Despite these plusses, industrial stocks aren't for everyone. They're highly cyclical, says Patrick Hejlik, the CEO of Fourth Quadrant Asset Management in Danville, Calif. They move up with the market and can quickly come down, he says.
For investors with cast-iron stomachs, here are four industrial stock sectors to consider. Before investing in industrial stocks, you should consult with your investment adviser and do your homework.
Transportation. Railroad companies are great because railroads are too expensive to build today, Ott says. And each railroad line has staked out a different region, giving it a monopoly, he says.
Warren Buffett explained his company's purchase of BNSF Railway Corp. of Fort Worth, Texas, in 2009 by saying, "It's an all-in wager on the economic future of the United States. I love these bets."
Hejlik also likes railroad stocks as an investment. "They're more efficient than trucking, and they're also environmentally friendly," he says.
For example, Union Pacific Corp. of Omaha, Neb., keeps improving its operational efficiency and is cranking out strong profits. Year over year, Union Pacific had net income of $4.4 billion for 2013, compared with $3.9 billion for 2012. The railroad connects busy Pacific ports with Midwestern and Eastern rail hubs.
"Union Pacific also transports less coal than some other railroads," Hejlik says. That's important because coal use continues to decline.
Construction. North American construction is strong, says Adam Fleck, a certified financial adviser and associate director of Morningstar. "That gives these stocks a good tail wind," he says. And though construction stocks already have performed well, there's still opportunity for investors.
For example, Caterpillar Inc. of Peoria, Ill., which makes mining and construction equipment as well as engines, is a highly cyclical stock. But these days, Caterpillar's construction industries segment is performing well in North America and South America and is notching more construction projects, Fleck says.

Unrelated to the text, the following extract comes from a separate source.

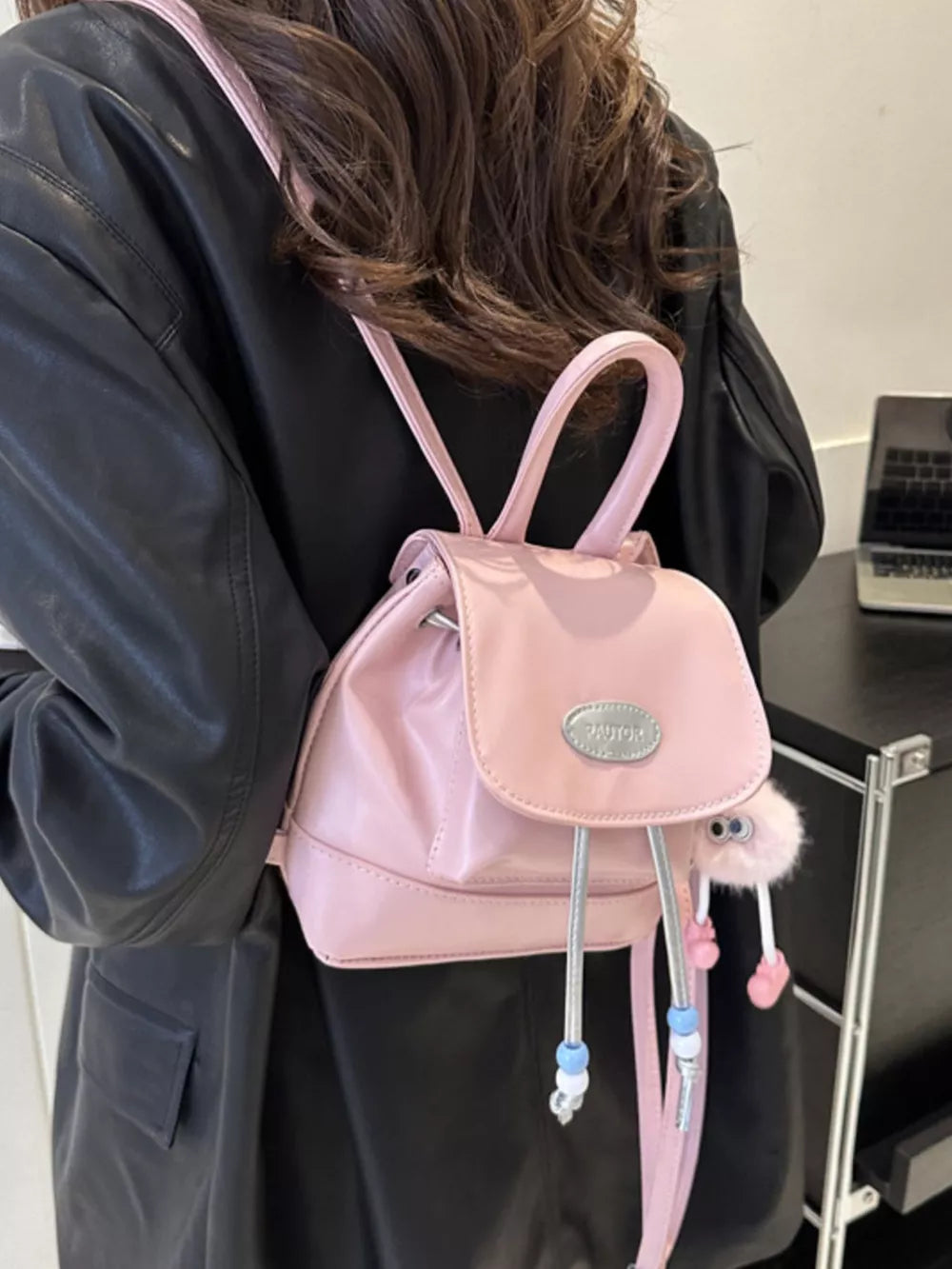 Pink leather mini drawstring backpack with beaded accents and fuzzy charm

In North America, construction demand should stay strong, too, since there's low residential housing inventory, Fleck says. Caterpillar's revenue will rise to mid- to high-single-digit growth next year, he says. And, it has a 2.5 percent dividend yield, which is higher than the 1.9 percent average yield of the Standard & Poor's 500 index.
Even stocks for smaller construction equipment companies might improve as real estate comes back as a business sector.

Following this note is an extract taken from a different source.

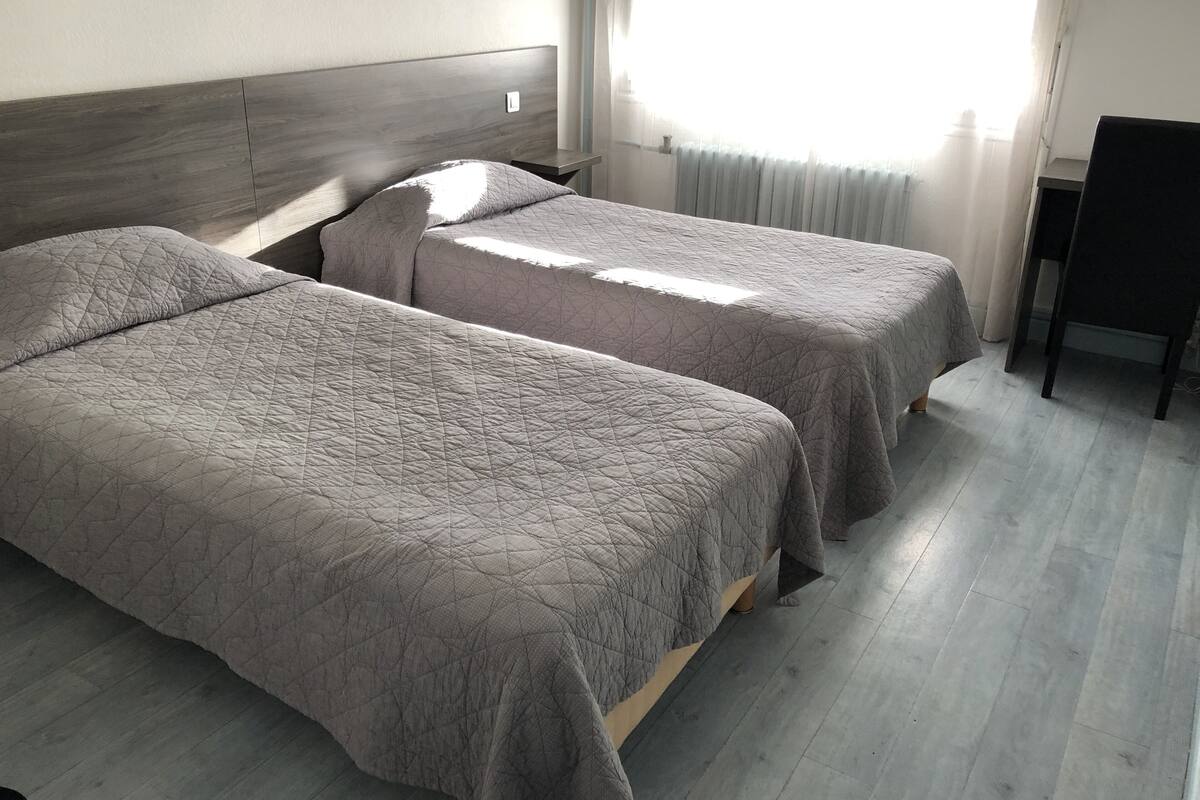 A room with two single beds, a wooden headboard, a window with sheer curtains, and a chair.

Hejlik also likes global construction companies. They have big business backlogs because they build emerging country infrastructure like pipelines, he says.
Basic materials. Demand for some basic materials like seeds, fertilizer and iron ore is translating into a bright near-term future, says Elizabeth Collins, director of basic materials research at Morningstar.
For example, farmers are currently rebuilding depleted seed stashes. So, Collins forecasts a good season for seed companies. As a result, Monsanto Co. of St. Louis, which sells its patented seeds in 150 countries, is a possible stock play. "Patents give Monsanto a competitive advantage," she says.
Compass Minerals International Inc. of Overland Park, Kan., which makes salt for de-icing roads and specialty fertilizer, is another example of a company that is prominent in its niche: highway de-icing salt. Its Canadian rock salt mine is the world's largest, Morningstar's Collins says. Also, company earnings should grow over the long term as it expands its specialty fertilizer production. The current dividend yield is 2.8 percent.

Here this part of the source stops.